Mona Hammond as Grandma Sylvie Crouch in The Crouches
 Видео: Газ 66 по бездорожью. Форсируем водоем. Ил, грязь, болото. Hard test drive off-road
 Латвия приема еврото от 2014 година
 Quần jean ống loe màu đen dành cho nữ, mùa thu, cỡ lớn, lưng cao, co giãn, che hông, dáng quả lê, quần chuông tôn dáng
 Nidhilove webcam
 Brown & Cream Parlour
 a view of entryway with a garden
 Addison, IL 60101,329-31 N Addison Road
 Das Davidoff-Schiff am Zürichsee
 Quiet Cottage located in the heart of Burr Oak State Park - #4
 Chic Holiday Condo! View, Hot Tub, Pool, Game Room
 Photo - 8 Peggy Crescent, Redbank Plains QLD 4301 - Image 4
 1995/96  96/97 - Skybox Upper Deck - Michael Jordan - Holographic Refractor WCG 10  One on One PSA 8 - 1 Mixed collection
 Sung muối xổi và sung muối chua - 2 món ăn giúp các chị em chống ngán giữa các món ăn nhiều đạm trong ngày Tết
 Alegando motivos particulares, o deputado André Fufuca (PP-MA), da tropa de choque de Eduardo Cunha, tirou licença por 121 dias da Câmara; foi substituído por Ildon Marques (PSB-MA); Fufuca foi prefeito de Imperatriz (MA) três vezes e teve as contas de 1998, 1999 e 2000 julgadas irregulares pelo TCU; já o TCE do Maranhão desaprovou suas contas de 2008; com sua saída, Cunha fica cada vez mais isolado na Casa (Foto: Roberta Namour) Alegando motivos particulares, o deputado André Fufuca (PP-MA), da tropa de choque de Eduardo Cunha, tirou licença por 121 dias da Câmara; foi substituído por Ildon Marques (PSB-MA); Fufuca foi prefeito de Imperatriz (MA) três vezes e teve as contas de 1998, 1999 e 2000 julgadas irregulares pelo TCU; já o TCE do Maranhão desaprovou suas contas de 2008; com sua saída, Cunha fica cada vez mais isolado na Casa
________________
• **WORK INSTRUCTION**
Looking at the data above, return every line from the one with "a view of entryway with a garden" down to the one with "1 Mixed collection", exactly and inclusively.

• **SOLVED EXERCISE**
 a view of entryway with a garden
 Addison, IL 60101,329-31 N Addison Road
 Das Davidoff-Schiff am Zürichsee
 Quiet Cottage located in the heart of Burr Oak State Park - #4
 Chic Holiday Condo! View, Hot Tub, Pool, Game Room
 Photo - 8 Peggy Crescent, Redbank Plains QLD 4301 - Image 4
 1995/96  96/97 - Skybox Upper Deck - Michael Jordan - Holographic Refractor WCG 10  One on One PSA 8 - 1 Mixed collection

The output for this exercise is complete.